Exercise \(\PageIndex{8}\):
For Example \(\PageIndex{9}\) estimate \(P(S_{30} = 0)\). That is, estimate the probability that the errors cancel out and the student’s grade point average is correct.
Exercise \(\PageIndex{9}\):
Prove the Law of Large Numbers using the Central Limit Theorem.
Exercise \(\PageIndex{10}\):
Peter and Paul match pennies 10,000 times. Describe briefly what each of the following theorems tells you about Peter’s fortune.
- The Law of Large Numbers.
- The Central Limit Theorem.
Exercise \(\PageIndex{11}\):
A tourist in Las Vegas was attracted by a certain gambling game in which the customer stakes 1 dollar on each play; a win then pays the customer 2 dollars plus the return of her stake, although a loss costs her only her stake. Las Vegas insiders, and alert students of probability theory, know that the probability of winning at this game is 1/4. When driven from the tables by hunger, the tourist had played this game 240 times.
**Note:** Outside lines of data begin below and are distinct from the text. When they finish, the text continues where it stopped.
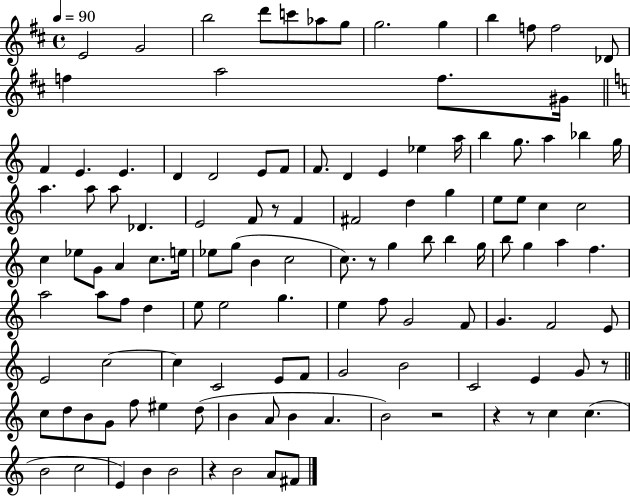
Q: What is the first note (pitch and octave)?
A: E4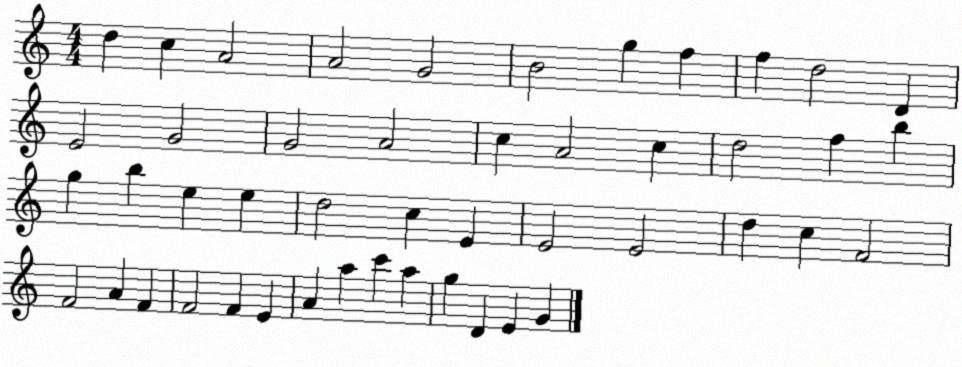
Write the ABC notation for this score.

X:1
T:Untitled
M:4/4
L:1/4
K:C
d c A2 A2 G2 B2 g f f d2 D E2 G2 G2 A2 c A2 c d2 f b g b e e d2 c E E2 E2 d c F2 F2 A F F2 F E A a c' a g D E G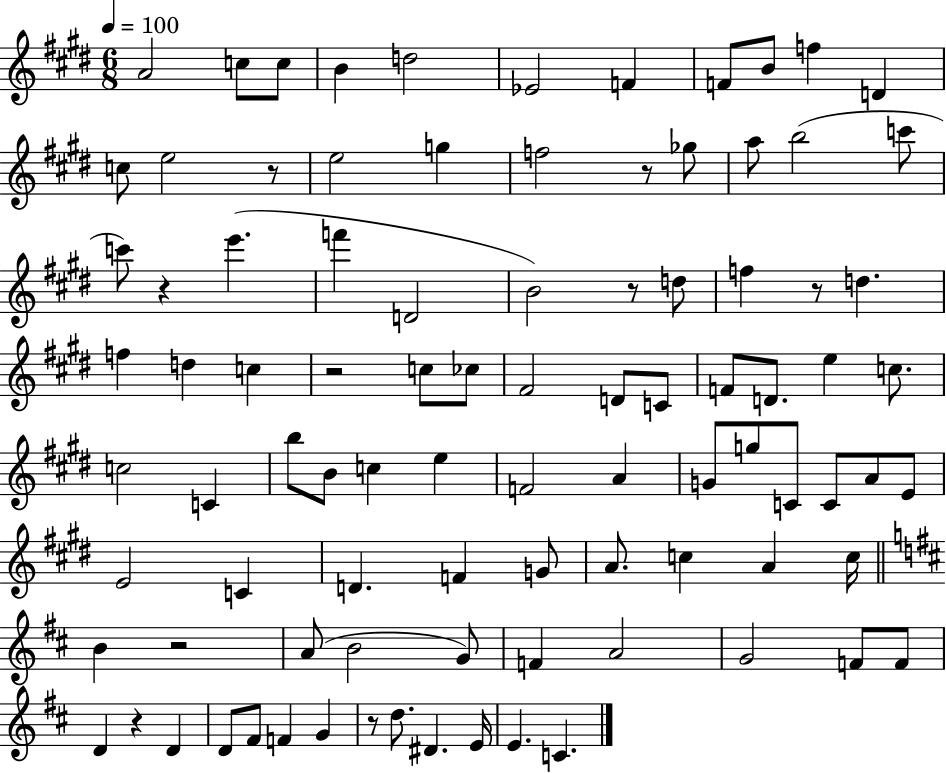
A4/h C5/e C5/e B4/q D5/h Eb4/h F4/q F4/e B4/e F5/q D4/q C5/e E5/h R/e E5/h G5/q F5/h R/e Gb5/e A5/e B5/h C6/e C6/e R/q E6/q. F6/q D4/h B4/h R/e D5/e F5/q R/e D5/q. F5/q D5/q C5/q R/h C5/e CES5/e F#4/h D4/e C4/e F4/e D4/e. E5/q C5/e. C5/h C4/q B5/e B4/e C5/q E5/q F4/h A4/q G4/e G5/e C4/e C4/e A4/e E4/e E4/h C4/q D4/q. F4/q G4/e A4/e. C5/q A4/q C5/s B4/q R/h A4/e B4/h G4/e F4/q A4/h G4/h F4/e F4/e D4/q R/q D4/q D4/e F#4/e F4/q G4/q R/e D5/e. D#4/q. E4/s E4/q. C4/q.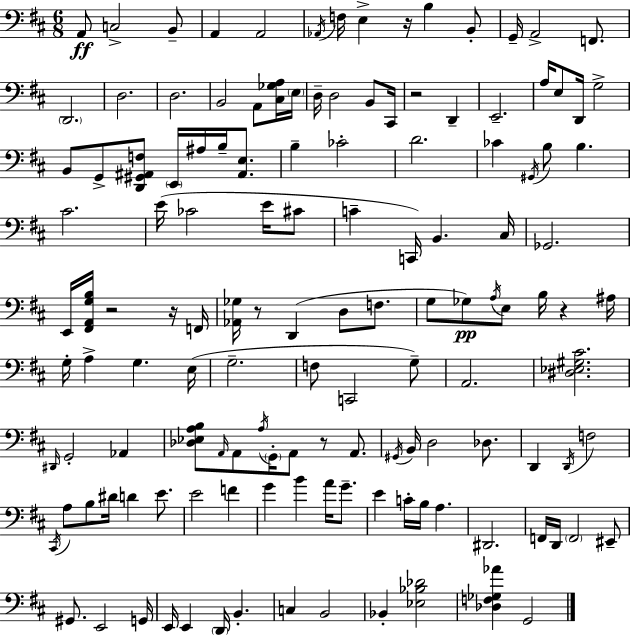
{
  \clef bass
  \numericTimeSignature
  \time 6/8
  \key d \major
  a,8\ff c2-> b,8-- | a,4 a,2 | \acciaccatura { aes,16 } f16 e4-> r16 b4 b,8-. | g,16-- a,2-> f,8. | \break \parenthesize d,2. | d2. | d2. | b,2 a,8 <cis ges a>16 | \break \parenthesize e16 d16-- d2 b,8 | cis,16 r2 d,4-- | e,2.-- | a16 e8 d,16 g2-> | \break b,8 g,8-> <d, gis, ais, f>8 \parenthesize e,16 ais16 b16-- <ais, e>8. | b4-- ces'2-. | d'2. | ces'4 \acciaccatura { gis,16 } b8 b4. | \break cis'2. | e'16( ces'2 e'16 | cis'8 c'4-- c,16) b,4. | cis16 ges,2. | \break e,16 <fis, a, g b>16 r2 | r16 f,16 <aes, ges>16 r8 d,4( d8 f8. | g8 ges8\pp) \acciaccatura { a16 } e8 b16 r4 | ais16 g16-. a4-> g4. | \break e16( g2.-- | f8 c,2 | g8--) a,2. | <dis ees gis cis'>2. | \break \grace { dis,16 } g,2-. | aes,4 <des ees a b>8 \grace { a,16 } a,8 \acciaccatura { a16 } \parenthesize g,16-. a,8 | r8 a,8. \acciaccatura { gis,16 } b,16 d2 | des8. d,4 \acciaccatura { d,16 } | \break f2 \acciaccatura { cis,16 } a8 b8 | dis'16 d'4 e'8. e'2 | f'4 g'4 | b'4 a'16 g'8.-- e'4 | \break c'16-. b16 a4. dis,2. | f,16 d,16 \parenthesize f,2 | eis,8-- gis,8. | e,2 g,16 e,16 e,4 | \break \parenthesize d,16 b,4.-. c4 | b,2 bes,4-. | <ees bes des'>2 <des f ges aes'>4 | g,2 \bar "|."
}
Assuming that no near miracles happened, about how much poorer was the tourist upon leaving the casino? What is the probability that she lost no money?
Exercise \(\PageIndex{12}\):
We have seen that, in playing roulette at Monte Carlo (Example [exam 6.7]), betting 1 dollar on red or 1 dollar on 17 amounts to choosing between the distributions \[m_X = \pmatrix{ -1 & -1/2 & 1 \cr 18/37 & 1/37 & 18/37\cr }\] or \[m_X = \pmatrix{ -1 & 35 \cr 36/37 & 1/37 \cr }\] You plan to choose one of these methods and use it to make 100 1-dollar bets using the method chosen. Using the Central Limit Theorem, estimate the probability of winning any money for each of the two games. Compare your estimates with the actual probabilities, which can be shown, from exact calculations, to equal .437 and .509 to three decimal places.
Exercise \(\PageIndex{13}\):
In Example \(\PageIndex{9}\) find the largest value of \(p\) that gives probability .954 that the first decimal place is correct.
Exercise \(\PageIndex{14}\):
It has been suggested that Example \(\PageIndex{9}\) is unrealistic, in the sense that the probabilities of errors are too low. Make up your own (reasonable) estimate for the distribution \(m(x)\), and determine the probability that a student’s grade point average is accurate to within .05. Also determine the probability that it is accurate to within .5.
Exercise \(\PageIndex{15}\):
Find a sequence of uniformly bounded discrete independent random variables \(\{X_n\}\) such that the variance of their sum does not tend to \(\infty\) as \(n \rightarrow \infty\), and such that their sum is not asymptotically normally distributed.